When you nominate your own forwarder to handle the China side, the supplier hands your cargo off to that forwarder’s local agent. That agent has an incentive to maximize their local charges — because that’s where their revenue comes from. Common inflated line items include:

  • Inflated “warehouse handling” fees
  • Unnecessary “fumigation certificates” for non-regulated goods
  • Vague “port security surcharges” not charged by the port itself

Practical fix: Ask your forwarder for a full local charge breakdown before booking, not after. Build a ¥300–500 buffer per shipment into your cost model for unexpected add-ons. If the same forwarder consistently overcharges on origin fees, the international freight savings rarely justify staying with them.

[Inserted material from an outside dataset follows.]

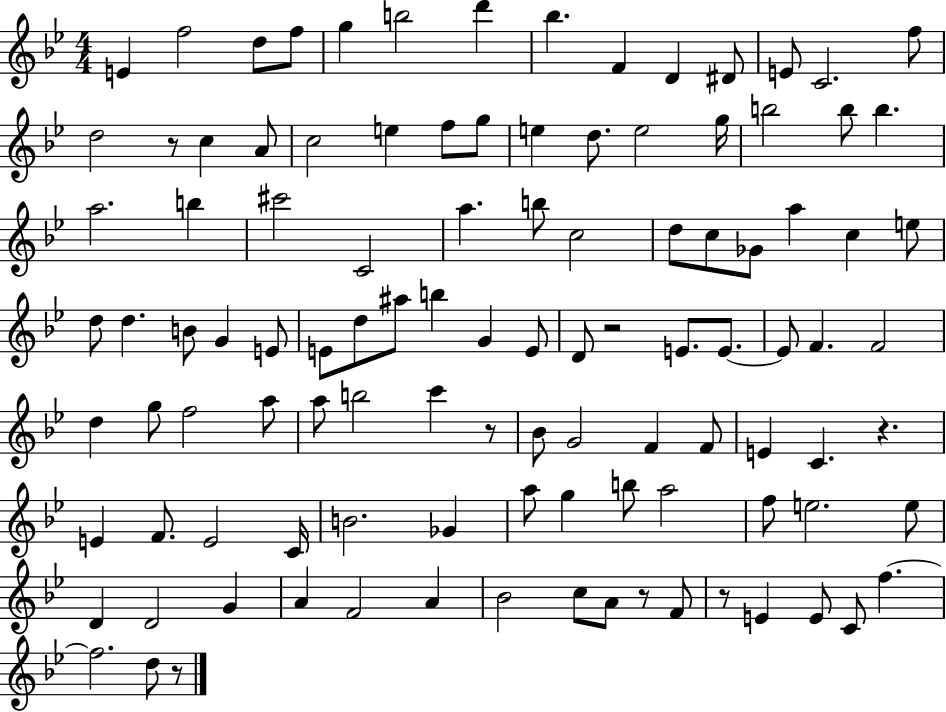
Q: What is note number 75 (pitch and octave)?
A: C4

How to Use FOB Price in Your Cost Calculations

FOB is the starting point for building your true landed cost. A simple formula:

Landed Cost = FOB Price + International Freight + Marine Insurance + Destination Duties & Taxes + Destination Clearance Fees

For most buyers importing from China to the US or EU, the biggest unknowns are international freight (which fluctuates significantly) and destination duties (which depend on HS code and applicable tariffs). The FOB component is the one you have the most control over — by negotiating with your supplier and understanding what’s legitimately included.

One practical note: If your supplier quotes EXW and you want to convert to a FOB China price for comparison, add ¥1,500–3,000 for inland freight (depending on factory location) plus ¥800–1,500 for export clearance and local charges. A rough EXW-to-FOB China price conversion for a standard FCL from a Pearl River Delta or Yangtze Delta factory is typically USD 300–600.


Summary: What FOB China Includes

  • Ex-factory production cost
  • Inland trucking from factory to named port
  • Export customs declaration and documentation
  • Terminal handling at origin port
  • Loading onto the nominated vessel
  • International ocean/air freight (buyer’s cost)
  • Marine insurance (buyer’s cost)
  • Destination import duties and clearance (buyer’s cost)

Understanding these boundaries doesn’t just help you check whether a FOB China price is reasonable — it also gives you a much stronger position when your supplier’s quote seems unexpectedly high or suspiciously low.